Have you ever asked yourself what defines a romance novel? My guess is no, and if you’re new around here, you might wonder why I’d be asking the question in the first place. MasterClass writes that “a romance novel is a work of extended prose fiction with a theme of love.” When writers tackle romance, we know that the central focus must be the love story between two characters.
Note that I didn’t say people, I said characters. And that’s because it’s not always people who fall in love. How do I know this? Because I recently read Morning Glory Milking Farm by C.M. Nascosta. Yes, we have a person—Violet—but we also have a minotaur. (And a very unique premise. Don’t believe me? Click on the link above, and then tell me you could have imagined that story. Be honest!)
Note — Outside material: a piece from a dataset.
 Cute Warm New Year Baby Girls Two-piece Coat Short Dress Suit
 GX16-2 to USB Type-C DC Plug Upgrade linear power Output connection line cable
Back to the romance novel. I’ve asked myself the question a lot lately since I write both women’s fiction and romance. I’ve also asked myself questions like how much women’s fiction can I put into the romance, and how much romance can I put into the women’s fiction? I don’t have the answers, but readers do, and they’ll tell me when I go wrong.
My point here is that my next romance, er, well, Keely’s next romance, Business with the Billionaire, is a romance with a little women’s fiction. I couldn’t help it! The germ of the story implanted and grew well before I knew what was happening, and Josie and Byrd? Their story is their story, and I just told it. They’re the architects, don’t you know?
Another point: the book will be out on August 31! You can preorder it now here. (Nothing wrong with self promotion, right?)
And, true cover to come soon! I can’t thank Kim Wilson of Kiwi Cover Design Co. enough for her expertise in designing covers.
Finally, for those who have read the first book, Breakfast with the Billionaire, it’s good to note that Josie and Byrd’s story takes place three years before Grant and Chelsea’s. Why? Because it does. Again, I just write the stories as the characters tell them to me.